Archive for September 2006

Frank Bruni kept a running history of his calls to procure a Per Se reservation. It is an infuriating system, but it's better than no "two month" rule. It's like no matter who you are, you have the same opportunity as anyone else of getting a reservation at the Laundry or Per Se. It's a slim chance for one and all.

By fingering any spinach as suspicious, even bunched fresh spinach, the F.D.A. isn’t educating anyone, or solving the problem. A view on the E. coli spinach outbreak from the original owner of Riverside Farms, one of the farms at the center of the controversy.

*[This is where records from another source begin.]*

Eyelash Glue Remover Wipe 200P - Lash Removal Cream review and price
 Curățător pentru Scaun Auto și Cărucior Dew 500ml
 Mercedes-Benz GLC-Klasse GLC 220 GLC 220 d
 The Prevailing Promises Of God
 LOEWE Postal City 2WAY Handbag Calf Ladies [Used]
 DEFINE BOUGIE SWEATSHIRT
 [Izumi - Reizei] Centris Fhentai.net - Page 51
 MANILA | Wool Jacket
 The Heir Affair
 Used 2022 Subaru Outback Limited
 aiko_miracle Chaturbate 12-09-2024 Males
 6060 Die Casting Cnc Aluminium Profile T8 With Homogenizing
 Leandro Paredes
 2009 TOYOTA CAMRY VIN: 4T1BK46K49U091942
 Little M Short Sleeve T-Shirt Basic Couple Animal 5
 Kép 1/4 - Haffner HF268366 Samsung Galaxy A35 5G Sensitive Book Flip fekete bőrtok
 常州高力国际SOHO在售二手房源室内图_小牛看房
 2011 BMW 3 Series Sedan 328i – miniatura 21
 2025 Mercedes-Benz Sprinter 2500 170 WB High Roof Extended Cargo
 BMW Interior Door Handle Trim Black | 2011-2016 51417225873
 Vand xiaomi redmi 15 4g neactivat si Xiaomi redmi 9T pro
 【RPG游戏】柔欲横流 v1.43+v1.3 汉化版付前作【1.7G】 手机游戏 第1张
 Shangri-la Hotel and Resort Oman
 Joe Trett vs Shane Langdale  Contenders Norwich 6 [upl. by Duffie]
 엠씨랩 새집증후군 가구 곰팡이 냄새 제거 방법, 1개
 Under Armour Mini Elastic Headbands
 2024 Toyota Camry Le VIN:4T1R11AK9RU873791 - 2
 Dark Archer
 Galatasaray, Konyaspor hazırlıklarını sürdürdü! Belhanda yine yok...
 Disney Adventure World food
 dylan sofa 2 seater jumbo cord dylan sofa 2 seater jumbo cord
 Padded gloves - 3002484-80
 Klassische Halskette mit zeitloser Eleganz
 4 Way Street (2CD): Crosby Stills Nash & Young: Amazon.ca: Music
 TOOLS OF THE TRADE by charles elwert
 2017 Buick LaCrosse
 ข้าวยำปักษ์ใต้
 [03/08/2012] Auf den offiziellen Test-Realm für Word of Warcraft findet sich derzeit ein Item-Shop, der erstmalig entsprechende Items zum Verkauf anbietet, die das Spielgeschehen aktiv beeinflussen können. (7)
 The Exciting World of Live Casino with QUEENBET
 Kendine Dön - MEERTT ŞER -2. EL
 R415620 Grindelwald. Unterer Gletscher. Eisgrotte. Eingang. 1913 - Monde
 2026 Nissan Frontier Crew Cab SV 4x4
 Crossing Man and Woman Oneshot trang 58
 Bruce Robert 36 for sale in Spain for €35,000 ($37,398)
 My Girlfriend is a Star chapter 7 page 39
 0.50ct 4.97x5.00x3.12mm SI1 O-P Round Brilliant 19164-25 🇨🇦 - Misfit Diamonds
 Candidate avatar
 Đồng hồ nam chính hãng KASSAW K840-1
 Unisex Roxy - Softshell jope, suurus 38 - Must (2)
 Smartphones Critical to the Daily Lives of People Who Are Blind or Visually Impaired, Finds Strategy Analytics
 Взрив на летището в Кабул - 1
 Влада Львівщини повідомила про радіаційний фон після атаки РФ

Jason's looking for cheap eating suggestions in NYC. Got some favorites? Go add them to the discussion.

Innsbruck Garlic Soup

For soup
1 onion, finely chopped
3-4 tablespoons unsalted butter
1/4 cup flour
2 cups whole milk
2 cups chicken stock
1/4 cup garlic, finely chopped
4 tablespoons heavy cream
salt
nutmeg, freshly grated

For croutons
four slices bread
2 tablespoons butter
3 cloves garlic, crushed

Parents Against Junk Food is non profit organization devoted to eliminating junk food from our public school system. It's hard for me to believe that soda and candy are even sold in schools. They certainly weren't offered in any of the public schools I attended in the 1970s and 80s.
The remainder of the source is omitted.